Derive shapes from maps

tpluscode commented 1 year ago

I would like to propose a new feature where minimal SHACL shapes are generated from the mappings. The purpose is to generate a starting point for defining more specific constraints over the output data. For example, given the mapping shown in the language reference

map AirportMapping from airport {
    subject template "http://airport.example.com/{0}" with id;

    graphs
        template "http://airport.example.com/graph/stop/{0}" with id;
        constant "http://www.w3.org/ns/r2rml#defaultGraph";

    types transit.Stop

    properties
        transit.route from stop with datatype xsd.integer;
        wgs84_pos.lat from latitude;
        wgs84_pos.long from longitude;
}

One would be able to produce a shape with minimal constraints.

<AirportMappingShape>
  a sh:NodeShape ;
  sh:targetClass transit:Stop ;
  sh:property 
    <AirportMappingShape/transit:route> ,
    <AirportMappingShape/wgs84_pos:lat> ,
    <AirportMappingShape/wgs84_pos:long> ;
.

<AirportMappingShape/transit:route>
  sh:path transit:route ;
  sh:datatype xsd:integer ;
  sh:nodeKind sh:Literal ;
.

<AirportMappingShape/wgs84_pos:lat>
  sh:path wgs84_pos:lat ;
  sh:nodeKind sh:Literal ;
.

<AirportMappingShape/wgs84_pos:long>
  sh:path wgs84_pos:long ;
  sh:nodeKind sh:Literal ;
.

It's important property shapes are named nodes, so that they would be extendable by adding properties in a separate document and merging them.

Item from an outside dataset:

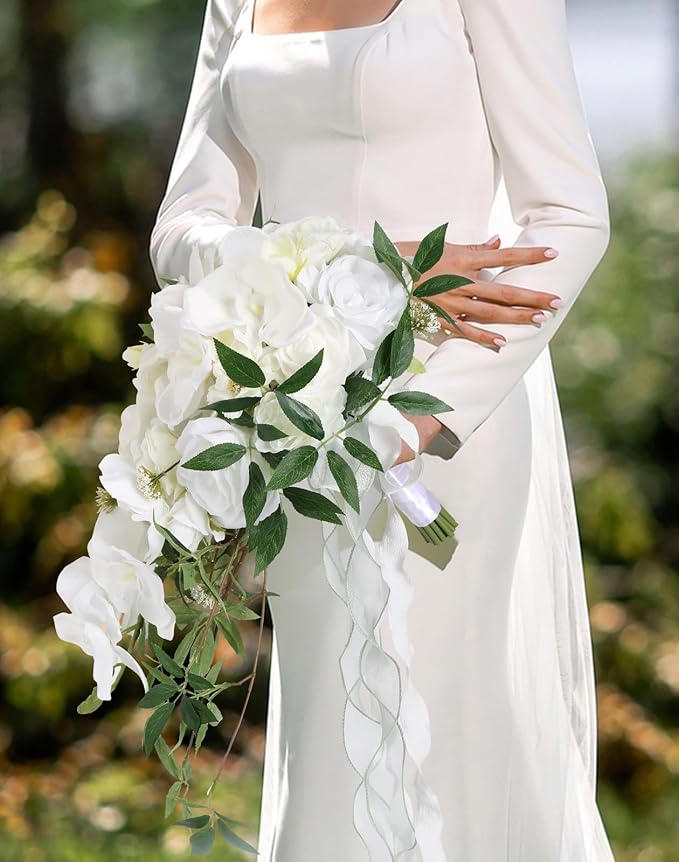 Bridal Bouquets for Bride,10 Inch White Wedding Bouquets for Bride for Ceremony Anniversary Wedding Bridal Shower(White Green)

Give multiple mappings for same predicate might require sh:or or different node kind such as sh:NamedNodeOrLiteral

To implement this feature, I would propose to slightly adapt (and also simplify) the feature proposed in #115. I will create a draft PR to illustrate

mchlrch commented 1 year ago

Shapes derived from the mapping don't necessarily describe the output graph of the pipeline, often there are post-processing steps after the mapping.

Nevertheless, there are likely cases for which shapes derived from the mapping are useful (maybe also for troubleshooting pipelines or the mapping itself by validating intermediate results).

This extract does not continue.